On sab, 2002-03-09 at 18:50, Lars Aronsson wrote:
Brion L. VIBBER wrote:
That's only relevant for accented Latin
characters, obviously. Hebrew,
Arabic, Cyrillic, Greek, Chinese and Japanese characters still need to
be retained and searchable.
Are we talking about Greek/Hebrew characters in the English/German
Wikipedia now? I think users of the English/German Wikipedia won't
have Greek/Hebrew keyboards,
Excepting Greeks and Israelis, obviously. ;)

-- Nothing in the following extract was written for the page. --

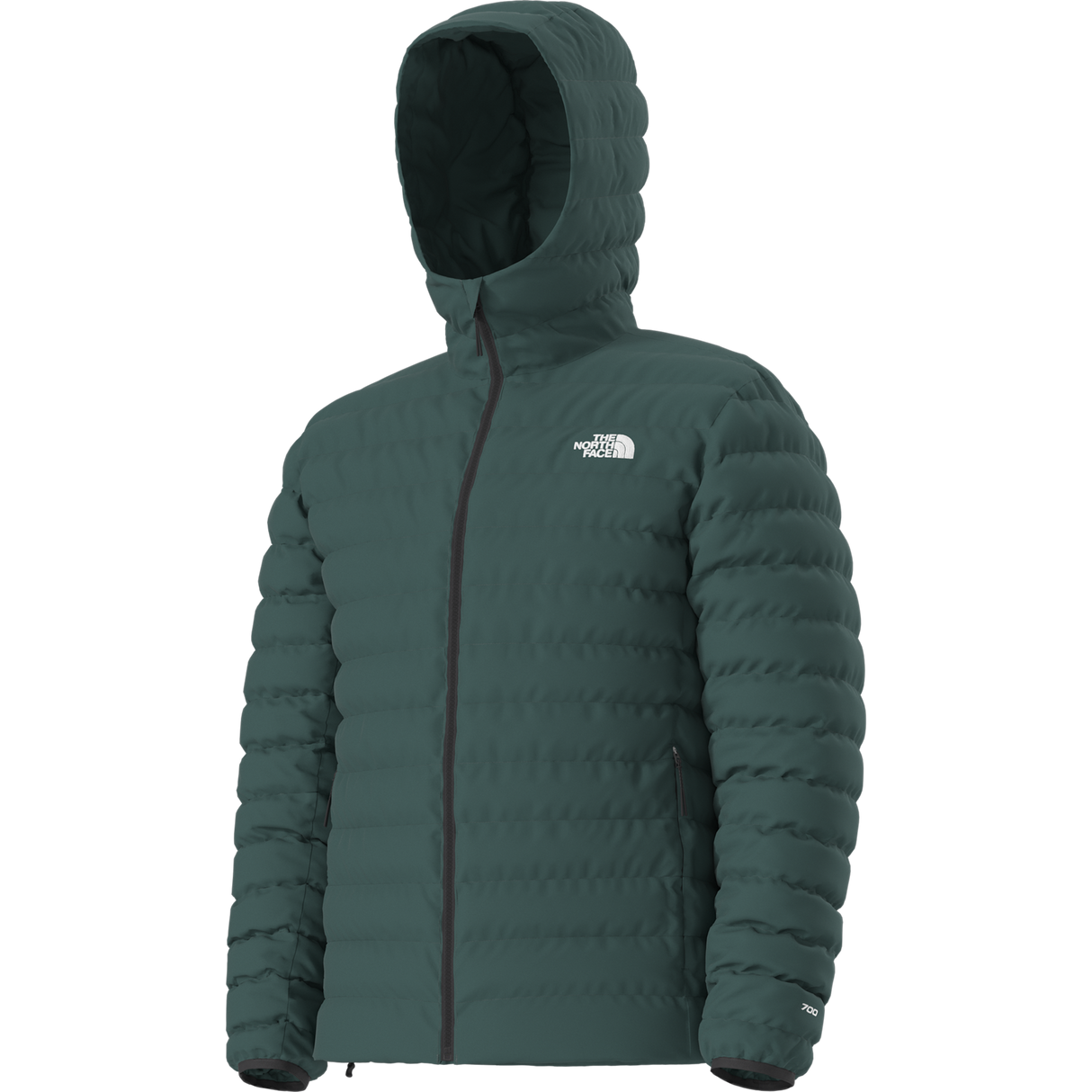 The North Face - Classic Down Hooded Jacket da uomo - Pacific Teal - vista alternativa 2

so ASCII searching would do just fine.
But why bother creating a special separate ASCII-only search, when the
non-Latin code is necessary for other languages and we're using a
unified character set?
Why *shouldn't* I be able to search for the occasional Greek, Hebrew, or
Japanese word in the original spelling on the English wikipedia, if we
allow people to put them in in the first place?
I have no idea how to implement search in the
Greek/Hebrew Wikipedia.
As stated above: do whatever accent/case/other equivalent conversion is
necessary (exactly as you propose for Latin characters), and perform
some conversion so that MySQL doesn't reject the UTF-8 non-ascii
characters as word separators (in an ideal world, we'd just configure
MySQL to understand UTF-8; otherwise, replacing raw bytes with hex codes
should work fine).
-- brion vibber (brion @
pobox.com)